Highlights of the Prematurity Issue Brief, a compilation of national and Blue Cross Blue Shield of Michigan (BCBSM) data, include:
- Late preterm births in Michigan, those between 34 and 37 weeks of gestation, increased by 20% from 1996 – 2006 while premature births, those less than 34 weeks gestation, remained stable. While nearly all of the increase in late preterm births was Cesarean section (C-section), available data do not show if these C-sections were medically indicated or elective.
- There is a significant disparity in the rate of premature births among blacks as compared to white, Asian and Hispanic populations. Black infants are 70 percent more likely to be born prematurely than white infants. Eleven percent of white and Hispanic infants and 9.9% of Asian infants are born prematurely, while almost 19 percent of black infants are born prematurely. This contributes to disparities in infant mortality rates within these groups. Theory suggests that black mothers experience more stress during pregnancy than mothers of other races, leading to more premature births.
- Prematurity/low birth weight is the single largest cause of infant mortality in Michigan.
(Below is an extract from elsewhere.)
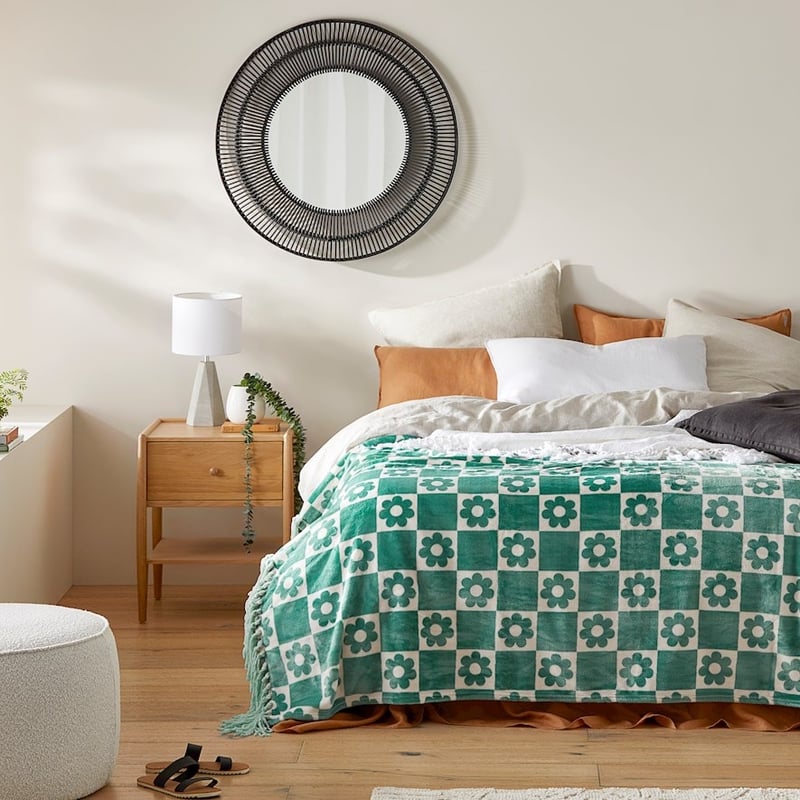 OLD Supersoft Daisy Check Blanket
Preterm infants born to black mothers are more likely to die in the perinatal period (after 22 weeks’ gestation or within 7 days of birth) than those born to white mothers.
- Known risk factors for premature birth are history of preterm birth, being pregnant with multiple fetuses, use of in vitro fertilization even in singleton births, smoking, inadequate prenatal care, and being a relatively younger or older mother.
- The average charge per discharge for premature birth and low birth weight babies in Michigan was $102,103, approximately 14 times higher than the average charge per discharge of $7,182 for a healthy infant birth.
- Preterm births represent just 10.3% of BCBSM births in Michigan but comprise 52.6% of medical spending in the first year of life.
“Prematurity is recognized as the single most important area in maternal child health where we need research to improve outcomes,” said Timothy R. B. Johnson, M.D., professor and chair, Obstetrics & Gynecology Department, University of Michigan School of Medicine. “The fact that there are profound disparities in the U.S. and in Michigan in the incidence and outcomes of prematurity makes attention to this topic even more critical.”
The Prematurity Issue Brief is the fifth in a series examining the price of health care in Michigan. While the report identifies important trends, costs and disparities, more research is needed to begin to understand the causes of premature birth.
“We don’t know enough about the risk factors and causes of the rise in premature births. We can speculate about the impact of technology and fertility interventions but these births represent only a small percentage of total births. More study is needed so that we can improve outcomes, reduce disparities, and reduce the real and human cost of premature birth,” says Udow Phillips.
The Center for Healthcare Research & Transformation (CHRT) illuminates best practices and opportunities for improving health policy and practice. Based at the University of Michigan, CHRT is a non-profit partnership between U-M and Blue Cross Blue Shield of Michigan designed to promote evidence-based care delivery, improve population health, and expand access to care.